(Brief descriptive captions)
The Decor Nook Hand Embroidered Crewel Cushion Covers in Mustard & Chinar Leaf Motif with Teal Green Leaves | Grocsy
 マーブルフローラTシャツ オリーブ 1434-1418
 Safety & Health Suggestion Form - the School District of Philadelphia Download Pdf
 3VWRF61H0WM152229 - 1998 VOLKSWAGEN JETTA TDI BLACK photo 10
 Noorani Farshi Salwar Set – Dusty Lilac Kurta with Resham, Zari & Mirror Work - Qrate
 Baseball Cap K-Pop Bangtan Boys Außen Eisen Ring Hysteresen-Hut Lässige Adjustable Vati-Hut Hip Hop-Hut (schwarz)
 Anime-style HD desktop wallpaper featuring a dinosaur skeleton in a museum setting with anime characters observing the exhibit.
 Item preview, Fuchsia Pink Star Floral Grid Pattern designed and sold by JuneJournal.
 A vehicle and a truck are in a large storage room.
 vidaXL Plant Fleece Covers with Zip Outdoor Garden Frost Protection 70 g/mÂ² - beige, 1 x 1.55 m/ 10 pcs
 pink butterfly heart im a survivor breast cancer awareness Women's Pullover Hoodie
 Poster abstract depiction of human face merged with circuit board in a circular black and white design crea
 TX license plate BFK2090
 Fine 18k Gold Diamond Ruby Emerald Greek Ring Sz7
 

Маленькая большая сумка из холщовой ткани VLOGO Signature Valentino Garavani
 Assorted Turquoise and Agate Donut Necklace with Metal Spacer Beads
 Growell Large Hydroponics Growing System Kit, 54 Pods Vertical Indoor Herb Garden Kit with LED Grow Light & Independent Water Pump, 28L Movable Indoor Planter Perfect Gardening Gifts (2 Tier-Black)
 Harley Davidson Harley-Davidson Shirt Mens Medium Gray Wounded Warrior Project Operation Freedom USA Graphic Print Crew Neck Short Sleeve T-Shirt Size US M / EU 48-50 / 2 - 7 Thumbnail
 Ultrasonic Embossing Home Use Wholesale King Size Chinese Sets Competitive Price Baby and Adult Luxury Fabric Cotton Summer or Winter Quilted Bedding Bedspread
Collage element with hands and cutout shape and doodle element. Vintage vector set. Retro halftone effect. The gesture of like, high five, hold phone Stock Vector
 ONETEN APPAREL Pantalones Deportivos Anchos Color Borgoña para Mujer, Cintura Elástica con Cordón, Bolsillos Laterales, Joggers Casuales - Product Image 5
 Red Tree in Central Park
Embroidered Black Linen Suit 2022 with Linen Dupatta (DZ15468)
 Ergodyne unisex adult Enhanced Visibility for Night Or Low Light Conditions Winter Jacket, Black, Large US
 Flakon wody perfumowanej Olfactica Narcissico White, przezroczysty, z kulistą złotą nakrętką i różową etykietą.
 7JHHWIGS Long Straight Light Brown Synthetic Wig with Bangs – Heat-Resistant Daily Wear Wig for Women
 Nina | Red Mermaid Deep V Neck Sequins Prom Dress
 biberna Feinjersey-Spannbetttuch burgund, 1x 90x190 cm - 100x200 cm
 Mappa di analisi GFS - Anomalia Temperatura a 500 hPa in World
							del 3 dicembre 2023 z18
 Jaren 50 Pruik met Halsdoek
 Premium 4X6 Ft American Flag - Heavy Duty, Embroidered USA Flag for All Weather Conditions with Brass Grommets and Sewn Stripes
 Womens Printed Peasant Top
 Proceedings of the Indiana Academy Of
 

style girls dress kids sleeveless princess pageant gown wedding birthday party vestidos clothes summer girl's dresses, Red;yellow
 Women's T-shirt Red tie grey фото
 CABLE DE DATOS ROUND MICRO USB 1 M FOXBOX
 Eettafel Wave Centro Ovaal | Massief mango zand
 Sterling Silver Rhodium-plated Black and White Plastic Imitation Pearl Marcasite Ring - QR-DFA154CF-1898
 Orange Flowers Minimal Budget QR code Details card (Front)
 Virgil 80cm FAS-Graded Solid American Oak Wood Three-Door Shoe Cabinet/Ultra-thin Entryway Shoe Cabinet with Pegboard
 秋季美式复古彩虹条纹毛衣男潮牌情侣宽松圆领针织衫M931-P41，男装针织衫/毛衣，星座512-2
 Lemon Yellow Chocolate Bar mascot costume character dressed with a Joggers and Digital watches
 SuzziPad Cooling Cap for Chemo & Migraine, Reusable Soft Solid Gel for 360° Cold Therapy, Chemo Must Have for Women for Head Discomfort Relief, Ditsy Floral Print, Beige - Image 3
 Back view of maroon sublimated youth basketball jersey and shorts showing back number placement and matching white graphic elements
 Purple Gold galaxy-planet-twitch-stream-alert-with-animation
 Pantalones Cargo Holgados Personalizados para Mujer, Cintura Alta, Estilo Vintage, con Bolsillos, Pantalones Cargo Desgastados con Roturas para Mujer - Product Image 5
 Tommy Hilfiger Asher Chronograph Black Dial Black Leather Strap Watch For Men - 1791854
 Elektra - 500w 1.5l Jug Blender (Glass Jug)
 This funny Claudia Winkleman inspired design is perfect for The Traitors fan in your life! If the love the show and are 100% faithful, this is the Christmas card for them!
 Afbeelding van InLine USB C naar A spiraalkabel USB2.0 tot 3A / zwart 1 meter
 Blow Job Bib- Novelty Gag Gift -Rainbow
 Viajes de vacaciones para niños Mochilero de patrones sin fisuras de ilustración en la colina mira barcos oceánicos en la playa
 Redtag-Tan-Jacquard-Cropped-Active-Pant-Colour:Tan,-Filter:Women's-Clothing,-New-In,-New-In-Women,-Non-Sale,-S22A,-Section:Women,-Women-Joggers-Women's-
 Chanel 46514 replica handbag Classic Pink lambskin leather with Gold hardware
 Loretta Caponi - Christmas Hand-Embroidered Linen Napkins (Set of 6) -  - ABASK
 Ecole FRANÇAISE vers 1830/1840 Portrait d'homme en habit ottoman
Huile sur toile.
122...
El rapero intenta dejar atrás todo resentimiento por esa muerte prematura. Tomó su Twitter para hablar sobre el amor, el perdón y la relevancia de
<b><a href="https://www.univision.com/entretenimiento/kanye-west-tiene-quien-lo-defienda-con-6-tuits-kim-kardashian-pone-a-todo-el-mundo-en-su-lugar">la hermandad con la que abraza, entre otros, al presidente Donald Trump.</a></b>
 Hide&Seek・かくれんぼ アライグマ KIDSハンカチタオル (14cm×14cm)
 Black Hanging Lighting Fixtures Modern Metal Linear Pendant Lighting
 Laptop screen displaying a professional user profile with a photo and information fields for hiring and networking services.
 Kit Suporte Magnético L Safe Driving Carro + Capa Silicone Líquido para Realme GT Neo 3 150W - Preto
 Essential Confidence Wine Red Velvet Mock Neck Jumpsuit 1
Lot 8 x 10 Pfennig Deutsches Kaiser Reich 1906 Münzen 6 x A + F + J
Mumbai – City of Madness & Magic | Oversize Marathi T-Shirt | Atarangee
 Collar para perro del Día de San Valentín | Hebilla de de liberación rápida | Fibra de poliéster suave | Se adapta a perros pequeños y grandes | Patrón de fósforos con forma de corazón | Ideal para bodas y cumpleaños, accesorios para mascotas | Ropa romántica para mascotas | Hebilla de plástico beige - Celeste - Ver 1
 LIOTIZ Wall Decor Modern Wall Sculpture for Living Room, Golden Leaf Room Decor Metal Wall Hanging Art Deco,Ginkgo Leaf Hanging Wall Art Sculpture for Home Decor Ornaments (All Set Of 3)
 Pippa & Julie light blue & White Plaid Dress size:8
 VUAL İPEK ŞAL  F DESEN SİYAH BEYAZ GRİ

→ What needs to be done:
If a line in the records has the word "Christmas", copy that line.

→ Solution to this exercise:
 This funny Claudia Winkleman inspired design is perfect for The Traitors fan in your life! If the love the show and are 100% faithful, this is the Christmas card for them!
 Loretta Caponi - Christmas Hand-Embroidered Linen Napkins (Set of 6) -  - ABASK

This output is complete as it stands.